▸ Work order: Whichever lines of the entries hold the word "Street" should be identified and copied.

(Brief descriptive captions)
____
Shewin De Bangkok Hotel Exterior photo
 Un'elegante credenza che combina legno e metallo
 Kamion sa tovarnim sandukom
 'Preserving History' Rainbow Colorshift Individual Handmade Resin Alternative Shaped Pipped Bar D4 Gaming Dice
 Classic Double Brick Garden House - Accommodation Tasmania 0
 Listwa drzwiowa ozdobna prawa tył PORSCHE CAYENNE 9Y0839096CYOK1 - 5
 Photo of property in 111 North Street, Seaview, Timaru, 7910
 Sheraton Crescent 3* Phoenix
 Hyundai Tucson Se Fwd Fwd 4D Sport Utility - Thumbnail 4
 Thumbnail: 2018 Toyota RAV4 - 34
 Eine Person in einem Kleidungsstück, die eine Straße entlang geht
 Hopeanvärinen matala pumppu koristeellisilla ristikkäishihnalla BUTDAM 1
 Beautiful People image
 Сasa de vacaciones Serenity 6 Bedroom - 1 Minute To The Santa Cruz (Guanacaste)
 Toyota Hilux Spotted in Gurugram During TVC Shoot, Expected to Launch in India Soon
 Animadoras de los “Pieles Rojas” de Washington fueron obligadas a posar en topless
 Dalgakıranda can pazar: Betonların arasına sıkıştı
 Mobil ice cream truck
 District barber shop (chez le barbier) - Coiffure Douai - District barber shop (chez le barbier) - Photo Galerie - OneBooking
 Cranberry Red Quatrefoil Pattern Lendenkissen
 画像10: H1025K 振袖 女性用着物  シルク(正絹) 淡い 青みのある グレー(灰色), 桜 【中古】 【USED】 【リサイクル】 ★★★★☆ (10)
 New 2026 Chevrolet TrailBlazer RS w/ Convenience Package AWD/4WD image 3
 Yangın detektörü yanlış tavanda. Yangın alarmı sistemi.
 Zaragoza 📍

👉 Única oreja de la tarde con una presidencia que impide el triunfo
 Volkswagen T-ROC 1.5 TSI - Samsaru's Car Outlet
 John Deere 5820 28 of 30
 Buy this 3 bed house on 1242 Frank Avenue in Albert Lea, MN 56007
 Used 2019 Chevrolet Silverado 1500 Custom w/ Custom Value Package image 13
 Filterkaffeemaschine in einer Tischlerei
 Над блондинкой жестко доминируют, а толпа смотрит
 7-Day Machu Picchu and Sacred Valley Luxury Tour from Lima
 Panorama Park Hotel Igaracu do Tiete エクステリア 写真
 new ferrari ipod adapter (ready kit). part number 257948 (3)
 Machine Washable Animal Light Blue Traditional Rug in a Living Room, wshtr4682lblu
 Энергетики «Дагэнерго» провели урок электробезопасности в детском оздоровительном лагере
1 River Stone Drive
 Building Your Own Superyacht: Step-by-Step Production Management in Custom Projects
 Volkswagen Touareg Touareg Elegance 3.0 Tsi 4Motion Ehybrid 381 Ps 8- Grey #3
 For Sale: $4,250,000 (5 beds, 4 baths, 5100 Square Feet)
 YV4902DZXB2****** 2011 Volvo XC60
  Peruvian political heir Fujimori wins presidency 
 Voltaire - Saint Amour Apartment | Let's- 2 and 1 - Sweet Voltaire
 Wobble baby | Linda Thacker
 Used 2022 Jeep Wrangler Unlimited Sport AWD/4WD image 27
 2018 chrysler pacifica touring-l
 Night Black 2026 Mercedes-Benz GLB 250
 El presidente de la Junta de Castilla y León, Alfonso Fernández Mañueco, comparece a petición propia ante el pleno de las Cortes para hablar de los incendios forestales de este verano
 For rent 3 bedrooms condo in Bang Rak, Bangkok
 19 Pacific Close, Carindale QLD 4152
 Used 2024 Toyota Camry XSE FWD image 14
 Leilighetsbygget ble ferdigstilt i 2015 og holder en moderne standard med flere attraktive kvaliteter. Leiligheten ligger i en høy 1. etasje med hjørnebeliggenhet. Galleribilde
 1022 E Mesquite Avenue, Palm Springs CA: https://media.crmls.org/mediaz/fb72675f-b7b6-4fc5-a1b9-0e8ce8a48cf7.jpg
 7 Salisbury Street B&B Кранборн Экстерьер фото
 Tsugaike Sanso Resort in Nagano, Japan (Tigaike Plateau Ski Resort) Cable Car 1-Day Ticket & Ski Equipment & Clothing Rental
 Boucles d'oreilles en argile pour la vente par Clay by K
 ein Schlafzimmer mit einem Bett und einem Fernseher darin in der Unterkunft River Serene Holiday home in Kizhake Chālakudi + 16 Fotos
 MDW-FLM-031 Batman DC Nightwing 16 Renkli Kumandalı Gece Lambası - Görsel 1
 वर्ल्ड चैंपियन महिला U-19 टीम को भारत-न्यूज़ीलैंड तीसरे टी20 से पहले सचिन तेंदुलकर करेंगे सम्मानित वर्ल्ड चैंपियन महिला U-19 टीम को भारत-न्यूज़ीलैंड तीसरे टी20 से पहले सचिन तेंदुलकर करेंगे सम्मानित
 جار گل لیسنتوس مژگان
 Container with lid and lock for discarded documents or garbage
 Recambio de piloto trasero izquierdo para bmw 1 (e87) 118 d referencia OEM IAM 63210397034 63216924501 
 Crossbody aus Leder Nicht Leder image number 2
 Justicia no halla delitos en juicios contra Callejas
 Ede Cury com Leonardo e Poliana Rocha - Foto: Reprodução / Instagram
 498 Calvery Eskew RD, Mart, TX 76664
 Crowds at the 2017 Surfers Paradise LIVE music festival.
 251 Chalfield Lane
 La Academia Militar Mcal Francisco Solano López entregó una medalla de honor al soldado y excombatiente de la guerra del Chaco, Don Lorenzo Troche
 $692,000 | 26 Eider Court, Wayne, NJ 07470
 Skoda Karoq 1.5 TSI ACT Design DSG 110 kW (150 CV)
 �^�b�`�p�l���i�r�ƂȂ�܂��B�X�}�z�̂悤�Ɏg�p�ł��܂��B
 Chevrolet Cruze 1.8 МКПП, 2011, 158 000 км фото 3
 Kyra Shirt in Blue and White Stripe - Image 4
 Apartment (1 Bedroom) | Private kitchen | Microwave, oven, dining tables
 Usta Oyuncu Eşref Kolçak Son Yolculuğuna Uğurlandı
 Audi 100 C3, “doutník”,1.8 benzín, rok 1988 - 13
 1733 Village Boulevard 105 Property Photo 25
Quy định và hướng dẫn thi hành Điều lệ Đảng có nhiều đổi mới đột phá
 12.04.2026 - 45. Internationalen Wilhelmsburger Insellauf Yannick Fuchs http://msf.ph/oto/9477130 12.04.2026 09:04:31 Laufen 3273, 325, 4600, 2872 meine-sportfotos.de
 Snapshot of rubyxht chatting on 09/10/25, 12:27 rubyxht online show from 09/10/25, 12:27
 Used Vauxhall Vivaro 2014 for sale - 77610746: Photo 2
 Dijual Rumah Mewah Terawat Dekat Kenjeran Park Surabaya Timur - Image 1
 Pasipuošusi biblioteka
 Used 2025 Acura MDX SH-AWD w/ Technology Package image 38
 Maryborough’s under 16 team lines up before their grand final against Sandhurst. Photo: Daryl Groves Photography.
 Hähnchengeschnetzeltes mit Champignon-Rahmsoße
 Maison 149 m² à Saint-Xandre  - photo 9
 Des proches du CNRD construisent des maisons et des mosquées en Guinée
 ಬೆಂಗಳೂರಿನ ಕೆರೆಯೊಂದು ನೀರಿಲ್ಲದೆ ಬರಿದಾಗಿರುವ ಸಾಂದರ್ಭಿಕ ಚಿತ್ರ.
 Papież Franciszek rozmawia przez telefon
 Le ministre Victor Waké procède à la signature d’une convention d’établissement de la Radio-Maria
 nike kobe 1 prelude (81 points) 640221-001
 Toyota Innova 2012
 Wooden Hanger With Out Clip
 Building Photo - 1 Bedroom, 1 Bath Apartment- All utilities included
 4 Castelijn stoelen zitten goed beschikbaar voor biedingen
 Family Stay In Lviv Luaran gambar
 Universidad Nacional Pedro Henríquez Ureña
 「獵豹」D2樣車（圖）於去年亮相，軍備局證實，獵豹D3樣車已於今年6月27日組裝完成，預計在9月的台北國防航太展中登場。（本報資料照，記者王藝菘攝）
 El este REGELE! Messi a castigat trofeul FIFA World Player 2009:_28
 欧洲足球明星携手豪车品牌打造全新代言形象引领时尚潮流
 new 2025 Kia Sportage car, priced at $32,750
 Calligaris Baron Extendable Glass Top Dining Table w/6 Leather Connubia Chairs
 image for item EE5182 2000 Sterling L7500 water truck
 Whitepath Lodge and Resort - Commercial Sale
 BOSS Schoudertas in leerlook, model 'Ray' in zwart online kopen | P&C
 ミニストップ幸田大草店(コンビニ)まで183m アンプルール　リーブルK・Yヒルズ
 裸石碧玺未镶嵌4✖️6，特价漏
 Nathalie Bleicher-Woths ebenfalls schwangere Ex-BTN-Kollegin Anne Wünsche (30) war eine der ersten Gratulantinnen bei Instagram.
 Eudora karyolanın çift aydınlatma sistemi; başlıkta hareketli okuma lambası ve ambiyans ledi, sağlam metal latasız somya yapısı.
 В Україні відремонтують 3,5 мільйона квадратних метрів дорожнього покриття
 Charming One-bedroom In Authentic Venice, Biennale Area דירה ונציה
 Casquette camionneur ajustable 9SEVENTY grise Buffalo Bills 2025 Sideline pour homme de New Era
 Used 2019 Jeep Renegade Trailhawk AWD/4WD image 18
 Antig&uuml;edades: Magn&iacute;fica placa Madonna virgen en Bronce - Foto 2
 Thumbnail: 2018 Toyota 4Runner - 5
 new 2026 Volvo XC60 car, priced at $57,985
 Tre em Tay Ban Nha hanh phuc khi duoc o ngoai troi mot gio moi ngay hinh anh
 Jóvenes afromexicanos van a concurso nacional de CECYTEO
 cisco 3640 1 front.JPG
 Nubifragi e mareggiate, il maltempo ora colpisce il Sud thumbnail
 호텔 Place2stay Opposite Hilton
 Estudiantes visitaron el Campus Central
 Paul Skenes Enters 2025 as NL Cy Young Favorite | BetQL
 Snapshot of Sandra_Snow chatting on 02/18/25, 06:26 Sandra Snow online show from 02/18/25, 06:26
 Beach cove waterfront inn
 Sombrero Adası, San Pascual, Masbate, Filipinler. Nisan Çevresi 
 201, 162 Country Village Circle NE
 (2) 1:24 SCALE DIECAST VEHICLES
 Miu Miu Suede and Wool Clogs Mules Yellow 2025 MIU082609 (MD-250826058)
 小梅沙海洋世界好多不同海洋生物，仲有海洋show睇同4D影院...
____
▸ Result of the task:
 Photo of property in 111 North Street, Seaview, Timaru, 7910
 7 Salisbury Street B&B Кранборн Экстерьер фото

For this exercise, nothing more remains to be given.